There are three ways that billing is done through a billing service:
- Per-Claim Billing: a set amount is charged for each claim, regardless of the amount of work it takes to get it ready to bill. If the claim is rejected on the front-end, those corrections are included in the price. If the claim denies on the backend, an additional fee can be charged for the resubmission. These fees can range from between $1 to $8 per claim.
- Hourly: Hourly may be the best way to go if you are also doing practice management for the providers. The Bureau of Labor Statistics shows that an average hourly wage for a medical billing clerk is $16.50 per hour. Providers can expect to pay more to an independent contractor.
- Percentage of Collections: This is popular as it encourages the biller to maximize reimbursement for their providers. These percentages can range from 4% – 10% depending on many different factors
The potential for income ranges from $20,000 – $100,000 depending on whether you choose to work full or part time and the specialty(es) that you choose. It is not a get-rich-quick-scheme, but it is a solid income for a hard-working professional who wants to make their own hours and be their own boss.
Earlier we mentioned getting business cards. These are the most basic marketing tool. They are quick and easy way to advertise your company during meetings. They remind your customers and potential customers about you long after the meeting is over as well.
A professionally created website will give your potential clients information about your training, your background and the services you offer. It may cost several hundred dollars to create, but don’t look into the thousands of dollars ones as the pay off for these is negligible.
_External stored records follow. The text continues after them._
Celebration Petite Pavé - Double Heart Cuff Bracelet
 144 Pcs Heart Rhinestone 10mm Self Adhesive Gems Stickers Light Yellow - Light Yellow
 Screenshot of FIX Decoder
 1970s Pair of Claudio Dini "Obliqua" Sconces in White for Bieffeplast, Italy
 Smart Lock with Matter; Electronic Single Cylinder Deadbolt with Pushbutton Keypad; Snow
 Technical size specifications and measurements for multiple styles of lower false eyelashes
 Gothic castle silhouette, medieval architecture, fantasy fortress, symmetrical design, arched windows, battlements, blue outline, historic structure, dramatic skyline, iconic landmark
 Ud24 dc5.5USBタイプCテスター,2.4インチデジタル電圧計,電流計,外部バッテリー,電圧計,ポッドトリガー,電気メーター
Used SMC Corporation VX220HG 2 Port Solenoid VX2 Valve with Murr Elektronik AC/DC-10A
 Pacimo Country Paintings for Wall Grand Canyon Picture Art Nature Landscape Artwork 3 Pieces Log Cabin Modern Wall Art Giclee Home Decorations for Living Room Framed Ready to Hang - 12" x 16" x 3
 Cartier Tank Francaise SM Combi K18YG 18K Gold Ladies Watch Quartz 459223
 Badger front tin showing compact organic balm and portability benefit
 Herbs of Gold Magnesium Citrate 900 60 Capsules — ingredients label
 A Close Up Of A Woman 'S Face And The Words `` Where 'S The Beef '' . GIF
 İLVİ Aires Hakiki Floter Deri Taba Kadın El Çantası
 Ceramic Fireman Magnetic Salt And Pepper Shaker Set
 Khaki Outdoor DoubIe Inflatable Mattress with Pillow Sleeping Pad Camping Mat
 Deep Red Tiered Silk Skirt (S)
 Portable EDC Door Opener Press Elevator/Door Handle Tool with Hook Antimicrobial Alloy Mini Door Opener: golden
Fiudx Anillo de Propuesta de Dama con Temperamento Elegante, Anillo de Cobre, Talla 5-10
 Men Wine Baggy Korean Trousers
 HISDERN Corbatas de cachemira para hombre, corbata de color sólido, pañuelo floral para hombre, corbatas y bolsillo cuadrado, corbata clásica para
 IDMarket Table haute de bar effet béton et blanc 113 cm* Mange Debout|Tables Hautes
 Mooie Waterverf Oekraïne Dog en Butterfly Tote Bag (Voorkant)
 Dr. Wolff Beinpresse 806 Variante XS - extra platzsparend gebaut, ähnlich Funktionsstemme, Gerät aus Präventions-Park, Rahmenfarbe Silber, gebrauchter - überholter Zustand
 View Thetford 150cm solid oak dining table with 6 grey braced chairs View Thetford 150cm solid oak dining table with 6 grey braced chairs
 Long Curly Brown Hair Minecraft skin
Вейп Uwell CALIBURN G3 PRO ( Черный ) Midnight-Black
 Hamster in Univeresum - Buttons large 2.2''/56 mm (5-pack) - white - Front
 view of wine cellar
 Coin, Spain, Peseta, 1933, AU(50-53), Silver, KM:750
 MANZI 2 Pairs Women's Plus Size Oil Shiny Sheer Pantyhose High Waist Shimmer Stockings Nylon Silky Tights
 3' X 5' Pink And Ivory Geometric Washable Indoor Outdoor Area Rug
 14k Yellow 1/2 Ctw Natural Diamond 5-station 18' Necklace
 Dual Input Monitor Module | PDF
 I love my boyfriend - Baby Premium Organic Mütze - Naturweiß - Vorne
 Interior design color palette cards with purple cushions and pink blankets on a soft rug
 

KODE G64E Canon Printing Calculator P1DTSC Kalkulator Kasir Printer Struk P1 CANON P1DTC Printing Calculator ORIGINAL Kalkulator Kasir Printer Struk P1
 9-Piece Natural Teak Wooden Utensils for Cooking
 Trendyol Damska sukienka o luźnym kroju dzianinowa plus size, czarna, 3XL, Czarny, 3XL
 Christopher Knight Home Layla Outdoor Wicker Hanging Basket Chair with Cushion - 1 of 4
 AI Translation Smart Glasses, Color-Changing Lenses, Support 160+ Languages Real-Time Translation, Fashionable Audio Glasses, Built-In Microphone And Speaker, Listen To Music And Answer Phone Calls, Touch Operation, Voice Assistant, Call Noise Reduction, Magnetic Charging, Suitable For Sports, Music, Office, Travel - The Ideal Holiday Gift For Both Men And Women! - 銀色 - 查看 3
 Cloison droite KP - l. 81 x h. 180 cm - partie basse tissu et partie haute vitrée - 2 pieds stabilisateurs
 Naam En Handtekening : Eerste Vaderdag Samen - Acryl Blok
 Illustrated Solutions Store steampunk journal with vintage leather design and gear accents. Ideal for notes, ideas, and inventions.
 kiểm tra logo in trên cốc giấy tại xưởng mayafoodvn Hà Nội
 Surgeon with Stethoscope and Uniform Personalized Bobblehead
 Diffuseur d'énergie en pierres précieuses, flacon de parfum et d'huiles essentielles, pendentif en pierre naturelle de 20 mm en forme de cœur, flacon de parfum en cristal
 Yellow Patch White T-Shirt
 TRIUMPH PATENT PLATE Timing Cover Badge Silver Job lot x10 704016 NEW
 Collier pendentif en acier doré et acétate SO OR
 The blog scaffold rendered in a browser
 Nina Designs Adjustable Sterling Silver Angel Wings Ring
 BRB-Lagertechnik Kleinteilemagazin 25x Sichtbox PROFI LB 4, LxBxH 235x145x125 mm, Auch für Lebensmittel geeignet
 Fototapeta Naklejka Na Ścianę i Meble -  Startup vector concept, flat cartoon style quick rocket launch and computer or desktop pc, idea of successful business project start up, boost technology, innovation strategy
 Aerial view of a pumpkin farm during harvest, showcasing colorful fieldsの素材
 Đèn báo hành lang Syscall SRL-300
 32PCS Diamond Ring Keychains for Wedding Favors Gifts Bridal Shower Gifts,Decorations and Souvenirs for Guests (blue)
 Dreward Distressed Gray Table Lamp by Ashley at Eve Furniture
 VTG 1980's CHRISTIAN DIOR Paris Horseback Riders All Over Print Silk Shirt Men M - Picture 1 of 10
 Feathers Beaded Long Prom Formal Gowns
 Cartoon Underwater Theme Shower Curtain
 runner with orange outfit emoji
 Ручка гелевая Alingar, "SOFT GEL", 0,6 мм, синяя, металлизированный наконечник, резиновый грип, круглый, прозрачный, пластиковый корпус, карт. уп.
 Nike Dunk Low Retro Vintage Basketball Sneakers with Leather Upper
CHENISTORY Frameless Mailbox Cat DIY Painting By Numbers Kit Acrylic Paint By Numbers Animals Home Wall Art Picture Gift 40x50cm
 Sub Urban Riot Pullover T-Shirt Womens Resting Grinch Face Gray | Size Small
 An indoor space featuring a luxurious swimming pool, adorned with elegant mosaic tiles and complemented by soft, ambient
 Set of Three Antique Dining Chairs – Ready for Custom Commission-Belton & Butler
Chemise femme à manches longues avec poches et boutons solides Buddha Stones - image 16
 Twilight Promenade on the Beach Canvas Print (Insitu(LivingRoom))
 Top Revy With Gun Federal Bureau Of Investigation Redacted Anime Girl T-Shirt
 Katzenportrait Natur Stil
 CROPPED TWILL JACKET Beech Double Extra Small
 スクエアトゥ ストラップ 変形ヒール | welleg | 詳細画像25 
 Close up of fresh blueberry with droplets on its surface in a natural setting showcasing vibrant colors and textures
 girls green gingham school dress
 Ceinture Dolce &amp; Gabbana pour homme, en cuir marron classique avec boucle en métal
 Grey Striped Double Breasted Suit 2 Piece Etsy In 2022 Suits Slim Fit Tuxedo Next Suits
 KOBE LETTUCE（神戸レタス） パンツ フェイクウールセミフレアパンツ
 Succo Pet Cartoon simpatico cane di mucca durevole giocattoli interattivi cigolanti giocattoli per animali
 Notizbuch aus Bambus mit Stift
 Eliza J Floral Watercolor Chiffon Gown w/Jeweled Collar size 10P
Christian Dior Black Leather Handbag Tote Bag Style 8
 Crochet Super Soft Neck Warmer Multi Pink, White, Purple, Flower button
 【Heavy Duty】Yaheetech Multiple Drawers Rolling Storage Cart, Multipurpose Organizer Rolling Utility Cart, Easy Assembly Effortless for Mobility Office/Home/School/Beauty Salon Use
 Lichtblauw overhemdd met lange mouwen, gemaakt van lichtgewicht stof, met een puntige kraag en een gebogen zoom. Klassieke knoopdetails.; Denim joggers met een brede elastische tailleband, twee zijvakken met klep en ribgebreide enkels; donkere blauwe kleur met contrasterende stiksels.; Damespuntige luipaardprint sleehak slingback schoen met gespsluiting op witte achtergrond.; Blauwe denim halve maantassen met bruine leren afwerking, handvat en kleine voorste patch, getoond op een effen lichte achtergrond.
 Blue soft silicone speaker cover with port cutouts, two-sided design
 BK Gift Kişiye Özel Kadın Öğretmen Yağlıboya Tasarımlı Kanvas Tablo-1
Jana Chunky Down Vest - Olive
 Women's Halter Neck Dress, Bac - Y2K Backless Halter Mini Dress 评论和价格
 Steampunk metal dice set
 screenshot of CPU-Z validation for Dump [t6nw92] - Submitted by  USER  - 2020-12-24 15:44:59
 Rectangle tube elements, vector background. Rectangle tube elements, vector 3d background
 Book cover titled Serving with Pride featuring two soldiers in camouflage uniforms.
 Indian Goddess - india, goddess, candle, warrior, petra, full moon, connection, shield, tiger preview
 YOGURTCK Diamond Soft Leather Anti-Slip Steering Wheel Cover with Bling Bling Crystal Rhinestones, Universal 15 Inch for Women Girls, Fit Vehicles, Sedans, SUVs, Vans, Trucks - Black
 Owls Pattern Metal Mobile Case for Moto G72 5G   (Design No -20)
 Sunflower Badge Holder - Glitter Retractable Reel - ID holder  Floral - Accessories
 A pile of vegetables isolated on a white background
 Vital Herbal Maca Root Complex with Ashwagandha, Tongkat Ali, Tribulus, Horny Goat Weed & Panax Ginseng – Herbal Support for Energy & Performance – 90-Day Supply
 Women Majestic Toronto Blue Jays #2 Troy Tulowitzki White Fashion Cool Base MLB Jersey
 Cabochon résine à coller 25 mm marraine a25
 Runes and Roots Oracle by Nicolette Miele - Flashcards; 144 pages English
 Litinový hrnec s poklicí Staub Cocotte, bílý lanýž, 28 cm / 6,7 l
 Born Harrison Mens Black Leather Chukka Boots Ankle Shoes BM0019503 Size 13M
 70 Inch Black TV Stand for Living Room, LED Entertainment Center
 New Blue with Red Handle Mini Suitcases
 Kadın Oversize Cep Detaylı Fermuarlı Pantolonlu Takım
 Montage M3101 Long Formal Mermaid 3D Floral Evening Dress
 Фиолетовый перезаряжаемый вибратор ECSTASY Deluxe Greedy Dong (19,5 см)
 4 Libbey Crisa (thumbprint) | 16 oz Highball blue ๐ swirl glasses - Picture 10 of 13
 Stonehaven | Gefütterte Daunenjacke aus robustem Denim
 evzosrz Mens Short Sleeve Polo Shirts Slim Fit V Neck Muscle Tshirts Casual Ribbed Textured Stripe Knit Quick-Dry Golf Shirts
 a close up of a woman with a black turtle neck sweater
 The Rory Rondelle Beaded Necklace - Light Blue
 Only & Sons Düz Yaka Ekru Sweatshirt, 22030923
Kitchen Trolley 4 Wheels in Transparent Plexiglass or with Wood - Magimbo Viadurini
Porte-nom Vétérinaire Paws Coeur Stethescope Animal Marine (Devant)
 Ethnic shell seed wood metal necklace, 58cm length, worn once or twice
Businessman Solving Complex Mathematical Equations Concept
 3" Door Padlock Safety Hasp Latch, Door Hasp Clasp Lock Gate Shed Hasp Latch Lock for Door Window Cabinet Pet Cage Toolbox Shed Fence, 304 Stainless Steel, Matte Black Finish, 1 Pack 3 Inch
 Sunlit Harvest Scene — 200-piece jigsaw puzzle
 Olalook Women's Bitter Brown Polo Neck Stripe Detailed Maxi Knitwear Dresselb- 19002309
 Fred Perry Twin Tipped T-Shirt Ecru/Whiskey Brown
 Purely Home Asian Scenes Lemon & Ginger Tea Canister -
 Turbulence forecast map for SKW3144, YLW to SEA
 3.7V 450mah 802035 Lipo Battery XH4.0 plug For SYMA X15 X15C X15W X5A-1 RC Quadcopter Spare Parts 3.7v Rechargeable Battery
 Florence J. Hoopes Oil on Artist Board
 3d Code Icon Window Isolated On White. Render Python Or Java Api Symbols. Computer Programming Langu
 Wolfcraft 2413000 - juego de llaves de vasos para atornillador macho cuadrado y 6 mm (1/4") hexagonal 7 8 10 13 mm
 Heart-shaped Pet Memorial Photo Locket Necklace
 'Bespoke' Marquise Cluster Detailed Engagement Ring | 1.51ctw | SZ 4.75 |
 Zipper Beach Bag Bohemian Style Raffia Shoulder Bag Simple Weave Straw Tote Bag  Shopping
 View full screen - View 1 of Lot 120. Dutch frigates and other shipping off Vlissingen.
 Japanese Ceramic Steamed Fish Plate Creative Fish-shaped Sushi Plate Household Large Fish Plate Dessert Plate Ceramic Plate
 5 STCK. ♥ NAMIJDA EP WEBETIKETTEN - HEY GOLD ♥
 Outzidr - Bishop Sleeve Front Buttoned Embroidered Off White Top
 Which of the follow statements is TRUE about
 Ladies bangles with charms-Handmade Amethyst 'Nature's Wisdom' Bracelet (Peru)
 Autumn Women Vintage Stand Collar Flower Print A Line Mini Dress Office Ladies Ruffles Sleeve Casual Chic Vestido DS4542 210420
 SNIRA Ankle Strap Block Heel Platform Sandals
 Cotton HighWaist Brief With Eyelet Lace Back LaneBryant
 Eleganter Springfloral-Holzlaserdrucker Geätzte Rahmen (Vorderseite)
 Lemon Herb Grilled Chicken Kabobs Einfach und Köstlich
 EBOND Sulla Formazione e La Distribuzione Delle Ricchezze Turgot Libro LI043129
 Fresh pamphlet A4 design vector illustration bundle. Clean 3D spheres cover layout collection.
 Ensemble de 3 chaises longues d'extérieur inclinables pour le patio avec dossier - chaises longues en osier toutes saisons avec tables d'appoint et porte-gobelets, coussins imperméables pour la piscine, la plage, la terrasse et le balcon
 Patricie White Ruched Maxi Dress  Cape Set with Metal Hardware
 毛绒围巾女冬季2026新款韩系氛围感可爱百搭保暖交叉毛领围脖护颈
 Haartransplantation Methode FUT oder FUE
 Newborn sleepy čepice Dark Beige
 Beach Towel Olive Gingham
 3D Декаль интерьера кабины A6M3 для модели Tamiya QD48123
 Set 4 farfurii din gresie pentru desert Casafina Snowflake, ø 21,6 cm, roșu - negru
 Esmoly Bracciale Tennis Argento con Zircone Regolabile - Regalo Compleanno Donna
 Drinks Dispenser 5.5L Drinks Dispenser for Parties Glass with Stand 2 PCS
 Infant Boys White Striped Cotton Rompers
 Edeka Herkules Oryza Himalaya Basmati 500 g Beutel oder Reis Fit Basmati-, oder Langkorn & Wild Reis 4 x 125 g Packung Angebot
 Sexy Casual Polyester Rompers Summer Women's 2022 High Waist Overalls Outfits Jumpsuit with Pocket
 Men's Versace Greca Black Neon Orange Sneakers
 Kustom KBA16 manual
Professionally networking at events in your area is a good, inexpensive way to get your name out there. The previously mentioned accrediting groups many times host these events.
Growing Your Business
Working at home does not mean you will not have contact with the outside world, in fact quite the opposite. You will need to keep in touch with your clients to make sure they are happy and to determine if they have any new referrals for you. Constant follow-up is the best way to make sure you retain the clients you have and to keep up on their possible leads to new business.